Freaks - Production

Production

MGM had purchased the rights to Robbins' short story, Spurs, in the 1920s at Browning's urging. In June 1932, MGM production supervisor, Irving Thalberg, offered Browning the opportunity to direct Arsène Lupin with John Barrymore. Browning declined, preferring to develop Freaks, a project he had started as early as 1927. Screenwriters Willis Goldbeck and Elliott Clawson were assigned to the project at Browning's request. Leon Gordon, Edgar Allan Woolf, Al Boasberg and an uncredited Charles MacArthur would also contribute to the script. The script was shaped over five months. Little of the original story was retained beyond the marriage between a midget and an average-sized woman and their wedding feast. Myrna Loy was initially slated to star as Cleopatra, with Jean Harlow as Venus. Ultimately, Thalberg decided not to cast any major stars in the picture.
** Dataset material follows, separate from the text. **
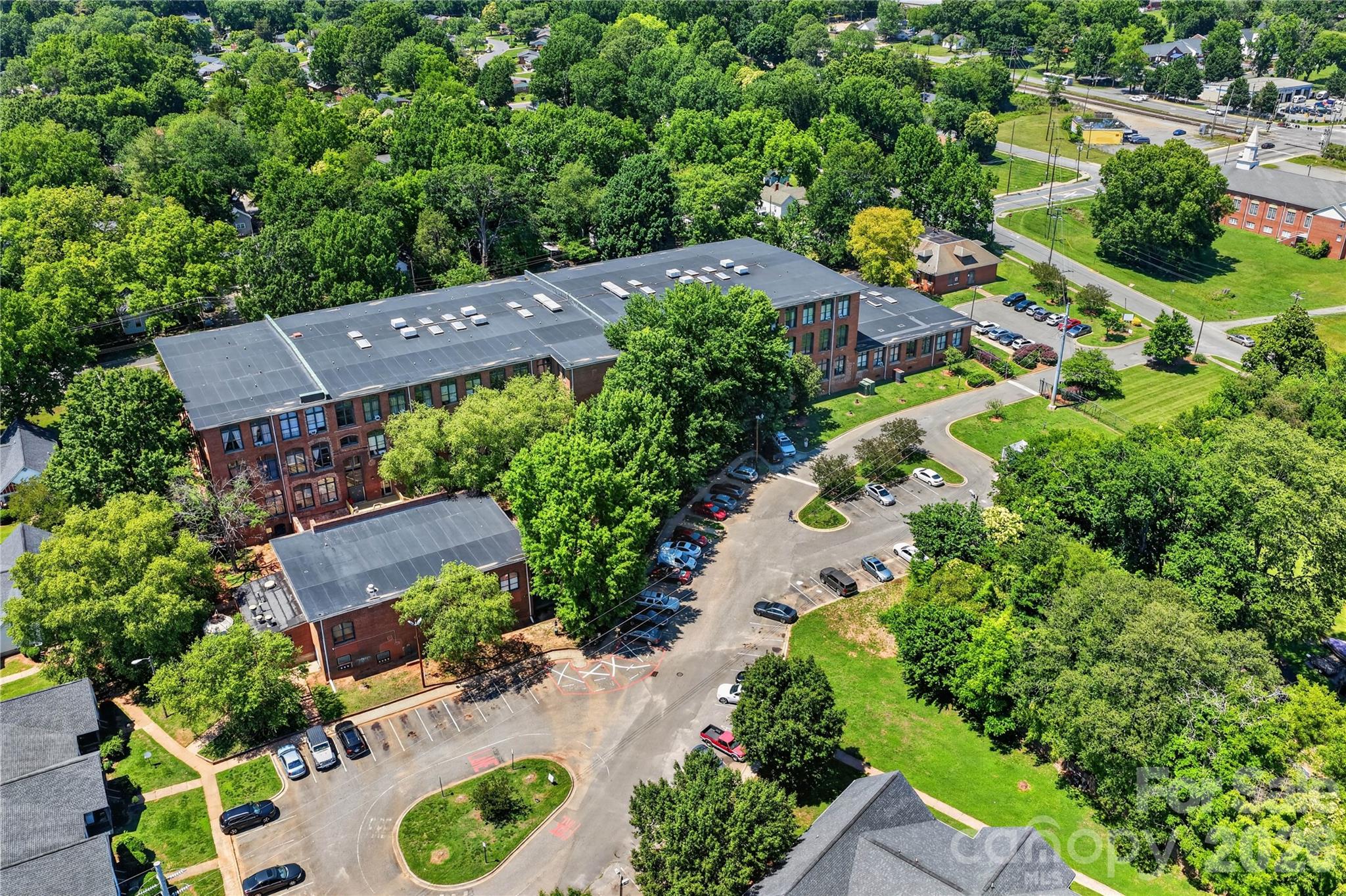 FoxRidge Lofts - Residential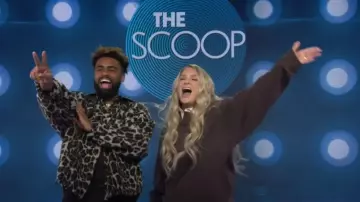 Sweat-shirt de rugby Henley Fear of God Essentials porté par Meghan Trainor comme on le voit dans Today with Hoda & Jenna le 14 mars 2024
Freaks began filming in October 1931 and was completed in December. Following disastrous test screenings in January 1932 (one woman threatened to sue MGM, claiming the film had caused her to suffer a miscarriage), the studio cut the picture down from its original 90-minute running time to just over an hour. Much of the sequence of the freaks attacking Cleopatra, as she lay under a tree, was removed, as well as a gruesome sequence showing Hercules being castrated, a number of comedy sequences, and most of the film's original epilogue. A new prologue featuring a carnival barker was added, as was the new epilogue featuring the reconciliation of the tiny lovers. This shortened version—now only 64 minutes long—had its premiere at the Fox Criterion in Los Angeles on February 20, 1932.